From an interview with over 15 local people in Haramosh Valley, we tried to understand their practices for environmental adaptation.

Calamities and disasters are not new, they have been there for centuries. While modern technologies and practices were not in place, indigenous communities had their own ways of dealing with the issues. This is known as Traditional knowledge (TK). Traditional knowledge plays a vital role in dealing with natural disasters.

The Haramosh valley (Northern Pakistan) has always been vulnerable to natural disasters because of its fragile mountain ecosystem, geographical location, and socioeconomic conditions. When we look back at the history of Haramosh, it has always been prone to natural disasters that caused the loss of human and animal lives. Natural disasters include landslides, floods, changes in weather patterns, soil erosion, and avalanches. Off and on, these issues have hit the area, though they have varied in frequency and intensity, causing great loss to local communities.

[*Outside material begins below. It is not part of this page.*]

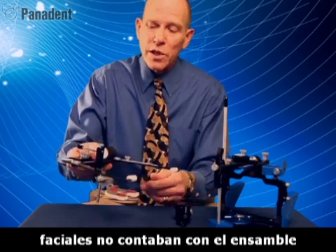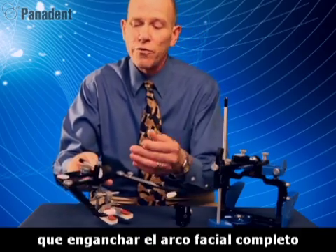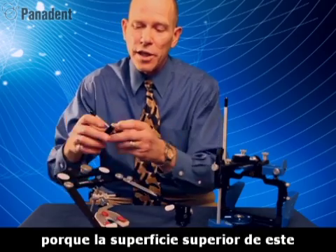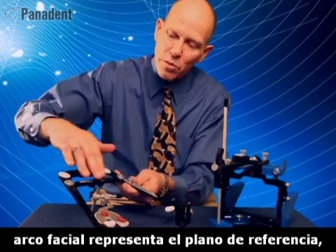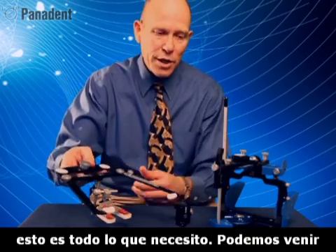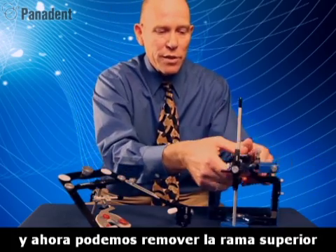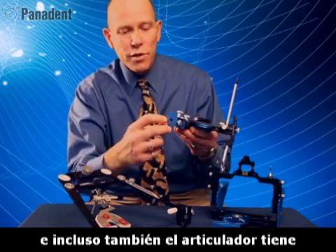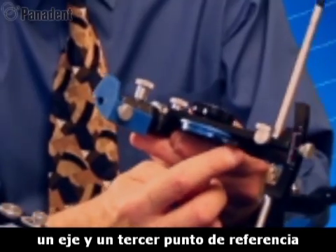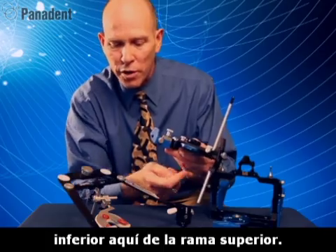Originally, face bows did not have detachable bite fork assemblies, so you actually had to hook the whole face bow to the articulator. Since the upper surface of this face bow represents the plane of reference, that's all I need. Now we can come over to the articulator. I've removed the dyno links and removed the upper frame. The articulator also has an axis and a third point reference, which is this flag or the bottom surface of the upper frame.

Upon this premise, it is useful to explore the adaptation practices that the people of Haramosh use to deal with natural hazards and interview 15 locals from the area. Research has already looked at similar studies conducted in the area.

Local Perception

Villagers perceive that the climate in Haramosh has changed in recent years; impacting the natural environment and the local population’s lifestyle, i.e. winter season is shorter, the rise in temperature reduces the growing season, and changes in sowing and harvesting dates. In response to the changes, farmers of the region have begun producing shorter-term winter crops and, in some villages, they have started growing two crops per year because of the rise in temperature.

Some respondents mentioned that the shift in crops occurred due to climate variability. Furthermore, Habi, a resident, said that pasture productivity has reduced due to soil erosion and reduced precipitation, forcing people to feed fodder to their livestock. A shepherd aged 65 mentioned that he had never used fodder to feed his livestock in his whole life but nowadays this is very common practice in the village, especially in the winter season. He further stated that, when he was younger, they used to grow grass in summer, then cut it down, dry it and keep it for the winter season to feed their livestock.  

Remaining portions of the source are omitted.